Впрочем, по другому варианту того же рассказа речь у них зашла вовсе не о ручке-лире, а об ондатровых шапках в гардеробе, одна к одной. Параджанов спросил: это что, по предписанию, вроде униформы? Хозяин сначала не понял, потом долго смеялся, удивлялся зоркости взгляда у художников и на прощание, сказав: «А я и не знал, что вы такой красивый человек»,— пообещал свою твердую помощь, вплоть до личного звонка на студию.
Прошел месяц, второй. Обстановка не разрядилась. Получалось, что хозяин кабинета, какие уж там у него ручки, не знаю, не выполнил обещания. Да и было ли оно? Да и была ли беседа?
Параджанов был невысок, но производил могучее впечатление. Весь заросший бородой, в черной рубахе двигался по своей квартире, расставлял тарелки, стопки, резал помидоры и огурцы, сыр, дыню, все сразу, показывал молодым ребятам, постоянно окружавшим его ученикам, как в возрожденческие времена, что и откуда следует извлечь, что промыть, что водрузить в самом центре... И при этом он ни на минуту не закрывал рта. И мы не закрывали своих отвисших челюстей, потому что истории сыпались одна другой занимательнее.

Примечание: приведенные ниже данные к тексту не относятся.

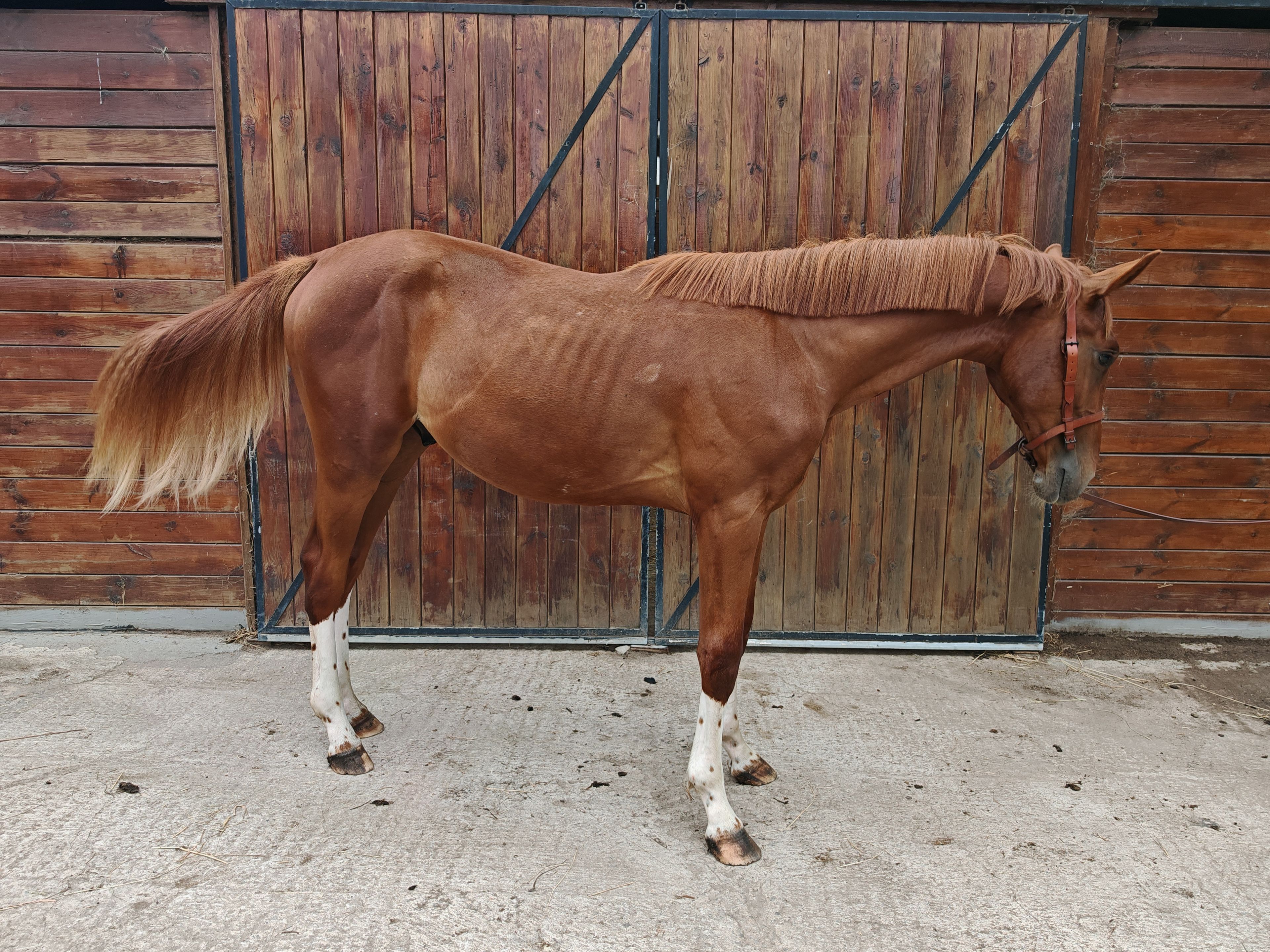 V Quilombo S (POWERFULL x DIAMANT DE SEMILLY) - Image 3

Вчера у него был милиционер. Дело в том, что окна его четвертого этажа выходят в переулок, ведущий к Крещатику. Под его балконом собираются колонны демонстрантов, перед тем как выйти в центр. Дождавшись, когда нужное место займут люди со Студии имени Довженко, Параджанов принимался выбивать пыль из ковров. Если пыли было мало, поясняет он, он посыпал ковер пудрой. Пудра хорошо летит на раннем солнце...

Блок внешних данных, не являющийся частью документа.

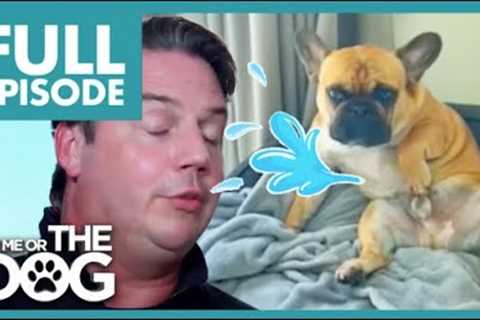 French Bulldog Knows How to Touch Himself🍆 | Full Episode | It's Me or the Dog
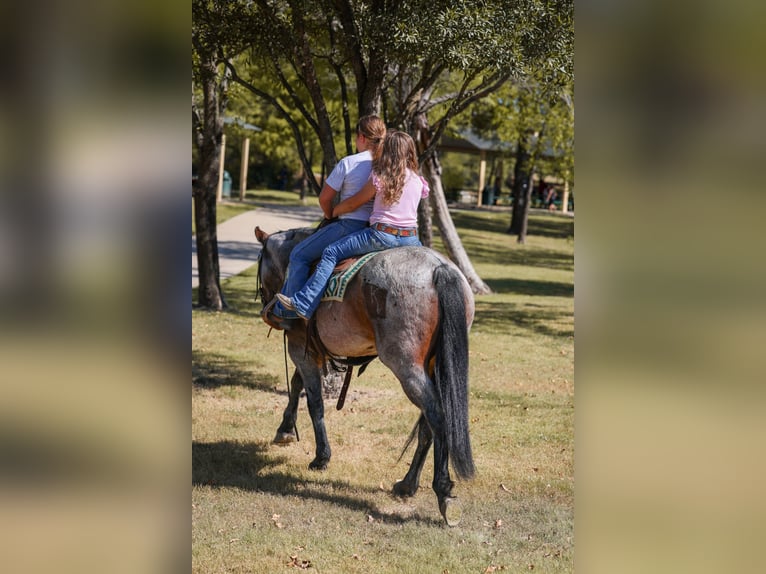 American Quarter Horse Stute 5 Jahre 147 cm Roan-Bay in Forney, TX American Quarter Horse Stute 5 Jahre 147 cm Roan-Bay in Forney, TX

— Но милиционер тут при чем? — спросили мы.
А вечерами тот же балкон преображался. Ставились два очень сильных студийных прожектора, и в пересечении их лучей возникал белый гипсовый скульптурный портрет. С земли черты лица разобрать было трудно, но ясно было, что это не член Политбюро. Соседи заявили, что здесь по праздникам пропагандируется неизвестный враг народа. Милиционер, козырнув, хотел узнать, на что идет народная электроэнергия.
— Вот вы, товарищ, кого вы освещаете по ночам?
— Себя,— отвечал Параджанов.— Это автопортрет.
— А зачем? Вы что, сами себя любите?
— Люблю,— сказал Параджанов.— Автопортрет я люблю. Он мне удался. А что? Нельзя держать свой собственный бюст на балконе?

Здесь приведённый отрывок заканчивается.